Tanjung Ailing houses the USM research centre and the forest and coastal areas are being used for research on bio-technology. There is a jetty to bring in supplies from town. The beach is easily accessible and it is a suitable camping site for campers. It is also a resting place for visitors en route to Muka Head (Teluk Duyung).

Teluk Duyung (Muka Head)
You can walk or take a boat (only during high tide) to Teluk Duyung. You can reach Teluk Duyung about one and half hours from Teluk Bahang by using trail 1A-1B-1C-1D. Teluk Duyung is a beautiful bay protected by the Muka Head's cape.

On Head's peak stands a majestic lighthouse built in 1883. A burial ground of at least 80 years resembles that of Indonesian Acheh and is an interesting historical artefact. The lighthouse peak offers a panoramic view of the surrounding islands.

Teluk Duyung (Monkey Beach)

Monkey Beach is situated in the Penang National Park in the North-western Coast of the Island. It is one of the few pristine beaches left on the Island because it is not as exposed to the pollution found along the West Coast of the Island.

As its name suggests, the beach is inhabited by monkeys of the crab-eating macaque species. A variety of fauna and flora can be found within the park including green turtles, flying squirrels, flying lemurs and over 150 species of birds. On the beach itself the white-bellied sea eagle can often be spotted.

The beach can be reached either by a one and a half-hour hike along the coast or by a short boat ride from the park entrance. The calm bay of Monkey Beach is considered safe for swimming, unlike many beaches on the island that are infested with jellyfish. Although it is relatively isolated, visitors to the beach are not uncommon and numbers increase especially during the summer tourist season. A further half an hour uphill hike from the beach will take visitors to the scenic lighthouse.

A small isolated beach originally known as Monkey Beach. "Teluk Ketapang" is derived from the numerous sea almond trees known locally as Pokok Ketapang. This isolated beach can be easily accessed by boat from Teluk Bahang jetty; alternatively you can try trail 1A-1B-1C-1D-2.

Pantai Kerachut

The other jungle trail leads to Pantai Kerachut, one of the most frequented beaches in the park. A suspension bridge connects the trail to the beach itself. The meromictic lake is the most prominent feature on the beach, and one of the three of its sort in Asia. located near the sea, it is fed by five rivers and the sea itself. This is a seasonal lake, and is only filled during the interchange of monsoon winds. At the far end of the beach is a turtle sanctuary, where turtle eggs are being incubated. A display area also exhibit specimens of marine life and occasionally turtle hatchlings.

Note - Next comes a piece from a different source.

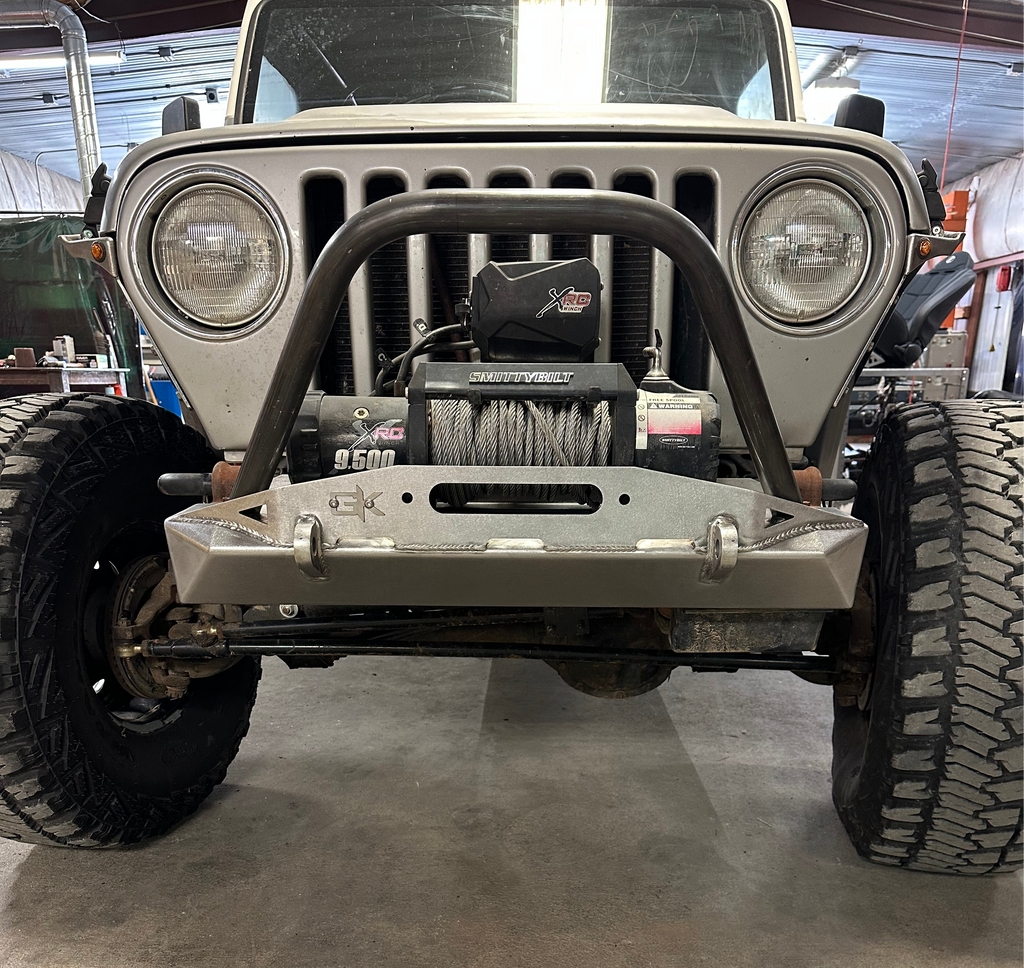 Front Diamond Series Stubby Bumper for Jeep TJ Wrangler (97-06) By Gatekeeper Off-Road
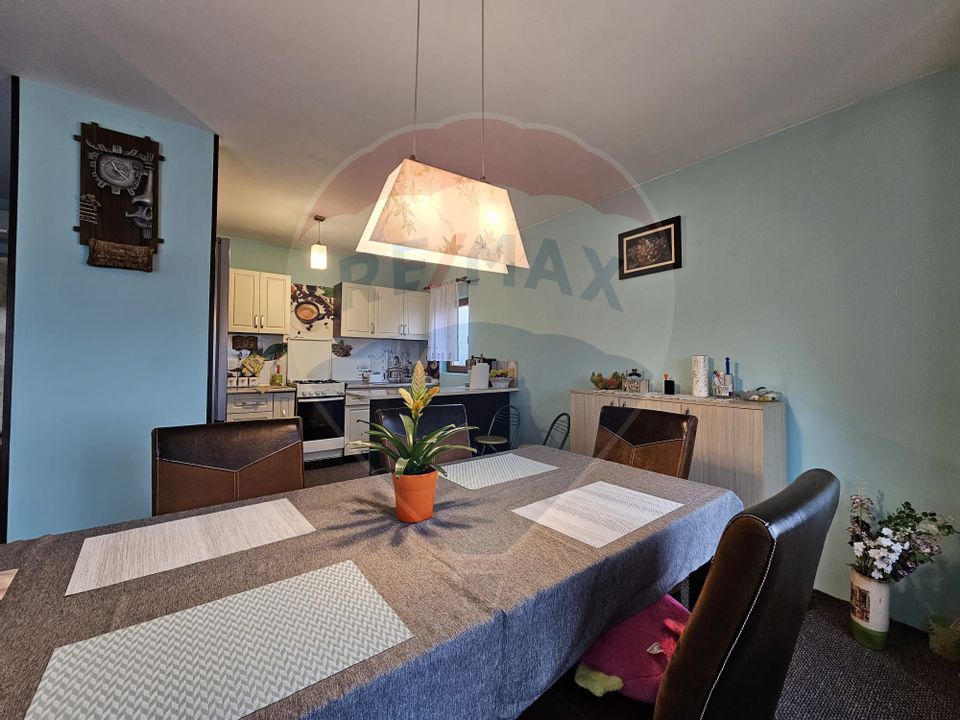 5 room House / Villa for sale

Geological formations are also fascinating on this beach. Quartz veins and igneous rocks form most of its geology. Flora includes scarce plants growing on the lake in the drought season and several others striving for survival on gaps on the rocks. Monitor lizards are often seen on the beach. The lake itself features interesting ecology. Gastropods of great population dwell in the lake. Crabs and garoupas frequent the rock pools.

During the nutrition bloom from November to January, kelp blooms upon the rocks, attracting jellyfish to the shores. Turtles lay their eggs here all year round. The three species recorded to have shored are the green turtle, hawksbill turtle and olive-ridley turtle. gorgonian coral also grow in these waters.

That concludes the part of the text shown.